(Collected data)
>>>

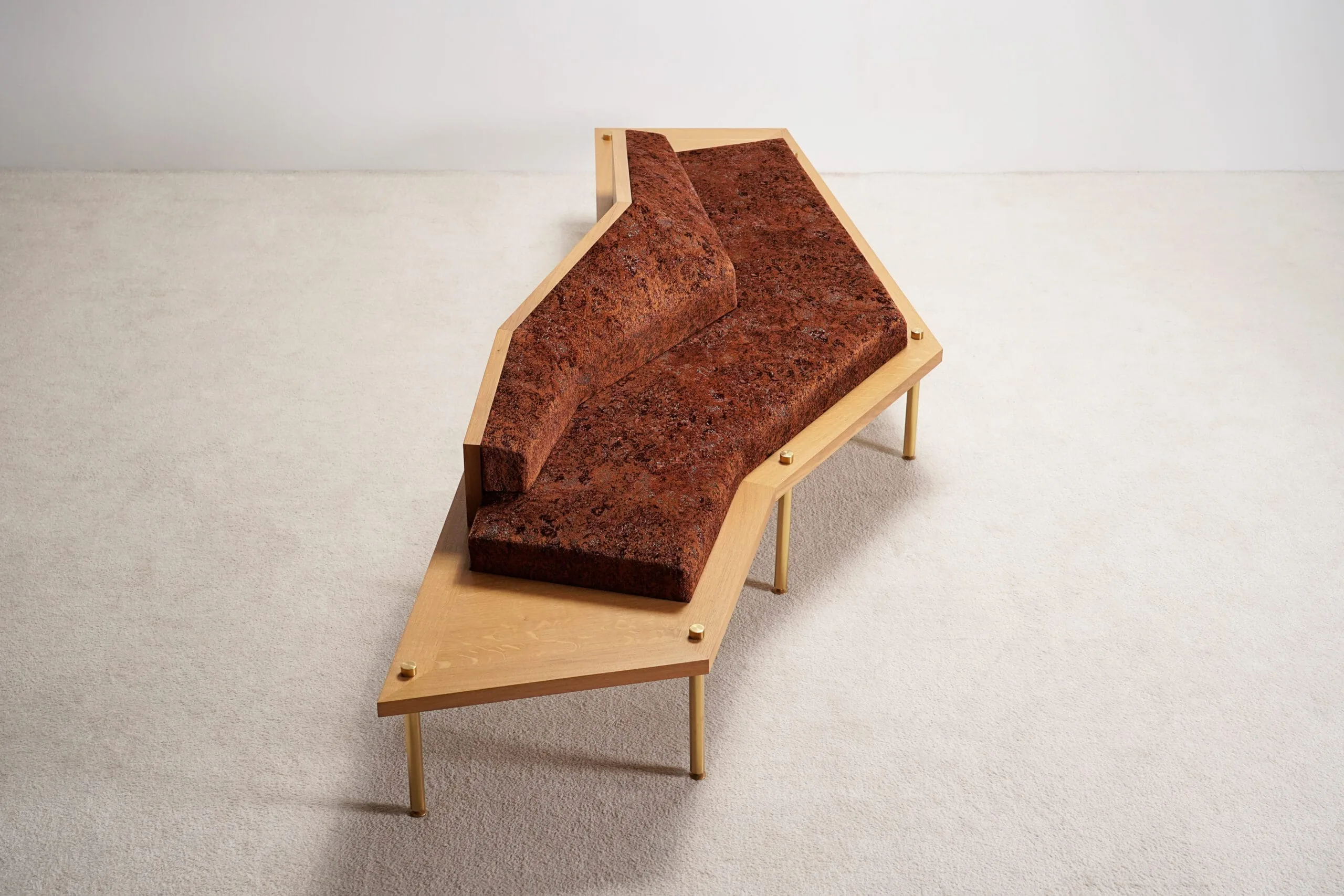 Zeta Sofa by Proisy Studio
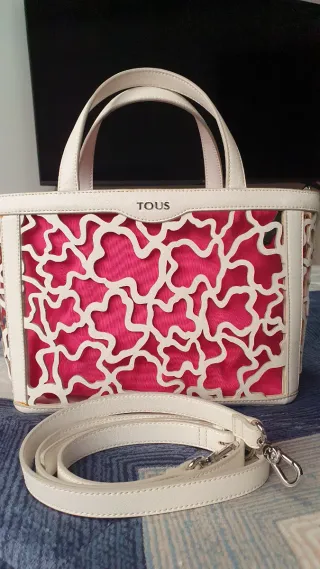 Bolso Tous Blanco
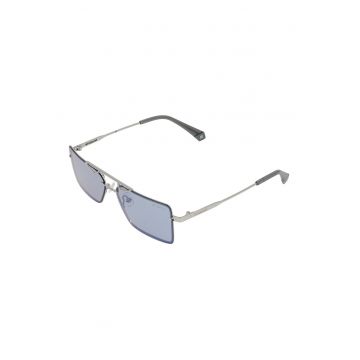 Ochelari de soare dreptunghiulari unisex cu lentile polarizate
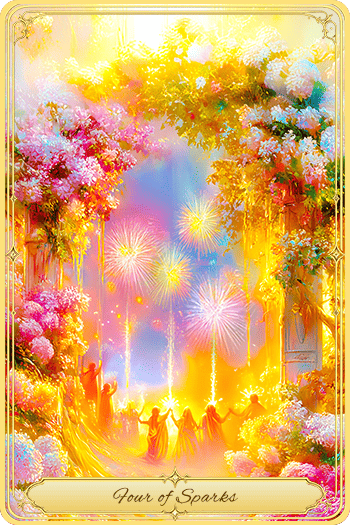 火花の4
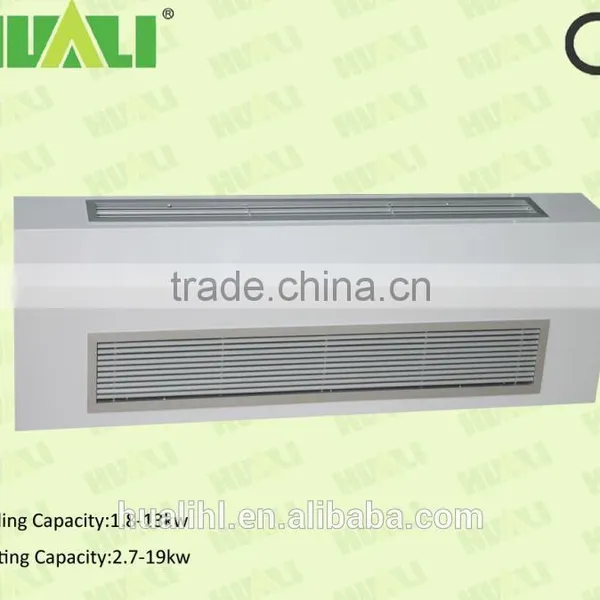 High Efficiency Top Quality Central Air Condition Fan Coil Unit Horizontal Exposed Type photo-2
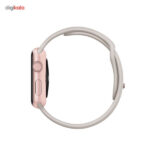 ساعت هوشمند اپل واچ مدل 42mm Rose Gold Aluminum Case with Stone Sport Band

<<<

§ Task goal:
Please print every record exactly, leaving out the pictures.

§ Your solution:
 Zeta Sofa by Proisy Studio
 Bolso Tous Blanco
 Ochelari de soare dreptunghiulari unisex cu lentile polarizate
 火花の4
 High Efficiency Top Quality Central Air Condition Fan Coil Unit Horizontal Exposed Type photo-2
 ساعت هوشمند اپل واچ مدل 42mm Rose Gold Aluminum Case with Stone Sport Band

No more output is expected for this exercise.